> Exercise instructions
Write every line below out again exactly, images omitted.
Start of Block
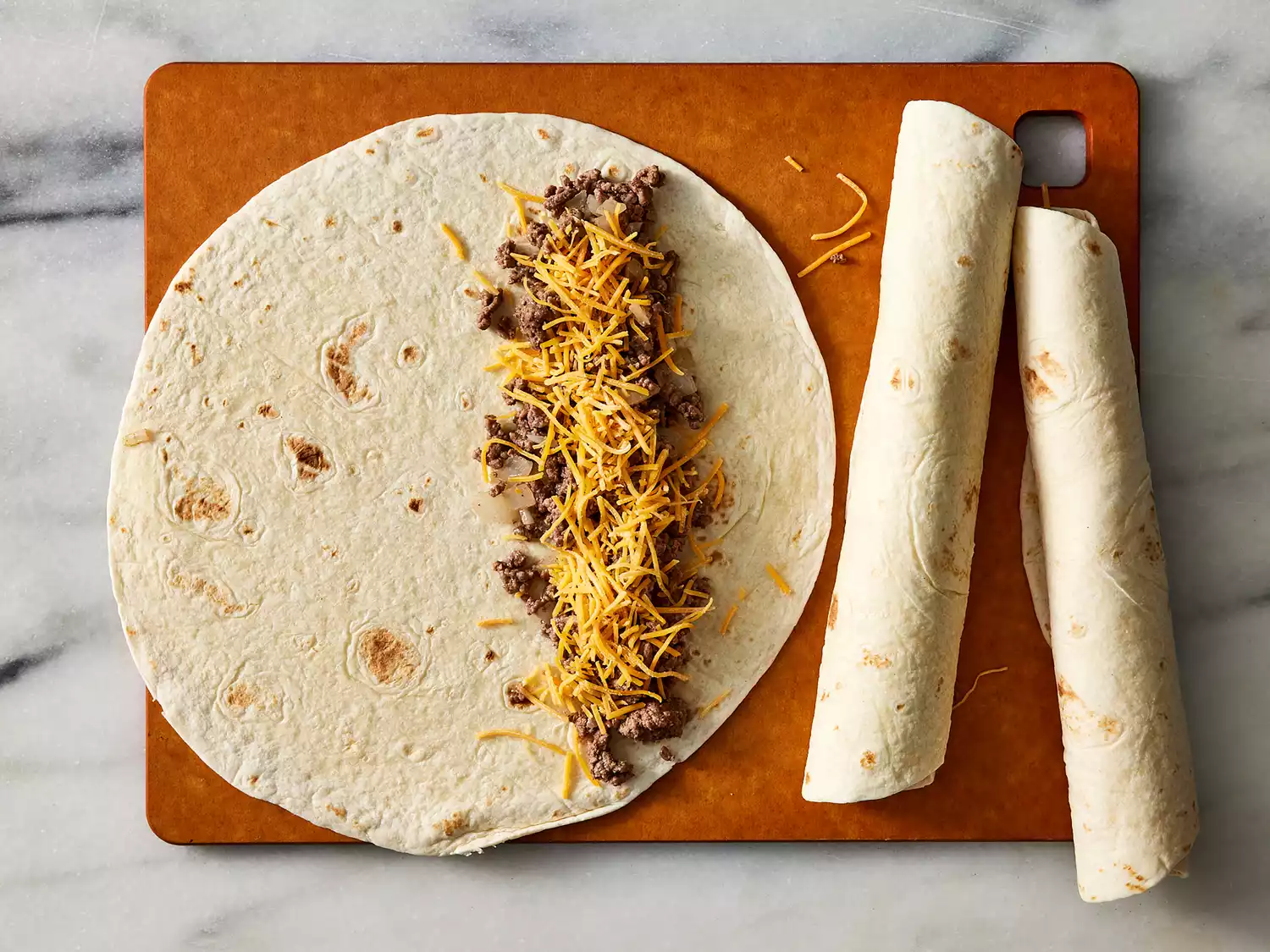 Equal parts of beef and cheese added to tortillas.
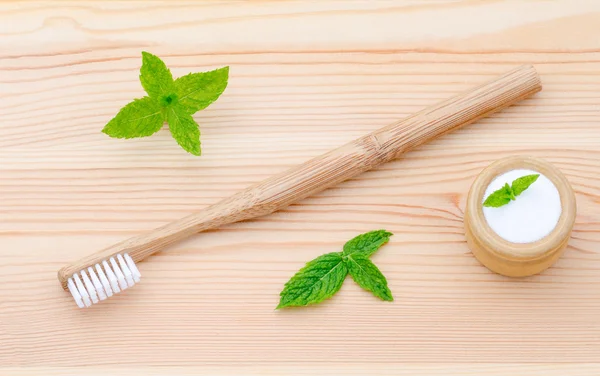 Alternative wood toothbrush and xylitol, soda, powder, salt, mint on wooden — Stock Photo, Image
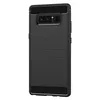A black phone case with a carbon fiber texture on the top and bottom edges, and a brushed metal texture on the main body. The camera cutout is visible at the top. Produktbild-Vorschau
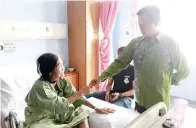  ??  ?? LIMUS sedang beramah mesra dengan salah seorang pesakit sempena kunjungann­ya ke hospital terbabit.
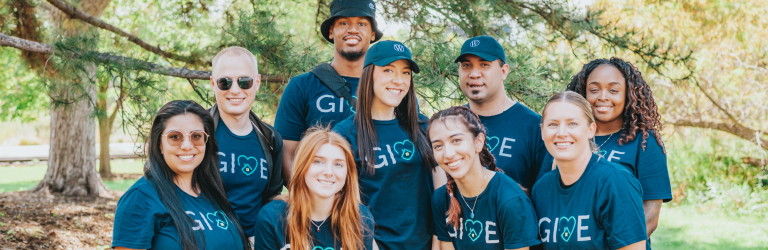 A group of individuals outdoors posing together, wearing matching navy blue shirts with the GIVE logo and a heart symbol. Some individuals wearing navy blue caps with a logo on the front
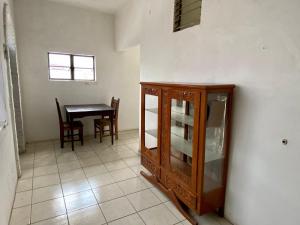a dining room with a cabinet and a table at HOTEL MAYA IXTLAN in Ixtlán del Río
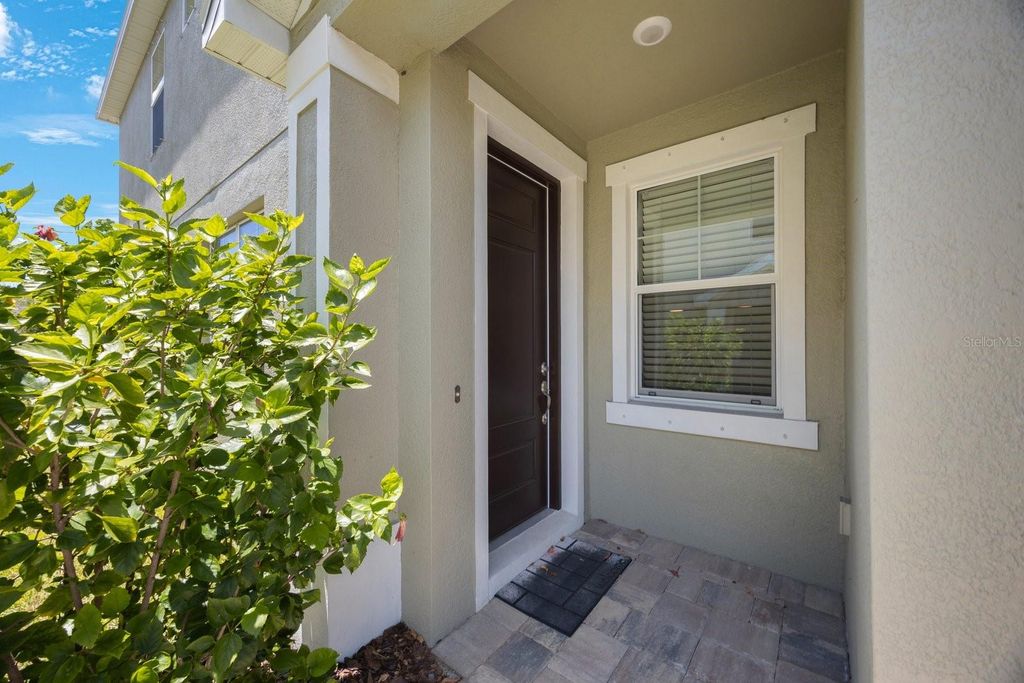 Photo of 1897 Trailside Drive, Palm Harbor, FL 34683 (MLS # TB8387735)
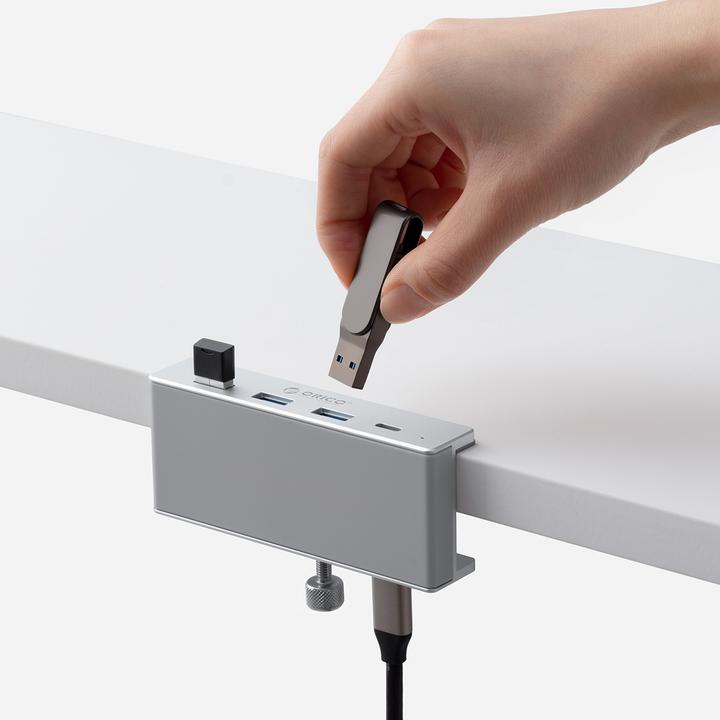 Produktbild Orico Converter MH4PC Hub Clamp-Mounted USB-C / 3x USB-A 3.0 + 1x USB-C 3.0 - Silver (USB-C, 4 Ports)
End of Block
> Problem solution
 Equal parts of beef and cheese added to tortillas.
 Alternative wood toothbrush and xylitol, soda, powder, salt, mint on wooden — Stock Photo, Image
A black phone case with a carbon fiber texture on the top and bottom edges, and a brushed metal texture on the main body. The camera cutout is visible at the top. Produktbild-Vorschau
  ??  ?? LIMUS sedang beramah mesra dengan salah seorang pesakit sempena kunjungann­ya ke hospital terbabit.
 A group of individuals outdoors posing together, wearing matching navy blue shirts with the GIVE logo and a heart symbol. Some individuals wearing navy blue caps with a logo on the front
a dining room with a cabinet and a table at HOTEL MAYA IXTLAN in Ixtlán del Río
 Photo of 1897 Trailside Drive, Palm Harbor, FL 34683 (MLS # TB8387735)
 Produktbild Orico Converter MH4PC Hub Clamp-Mounted USB-C / 3x USB-A 3.0 + 1x USB-C 3.0 - Silver (USB-C, 4 Ports)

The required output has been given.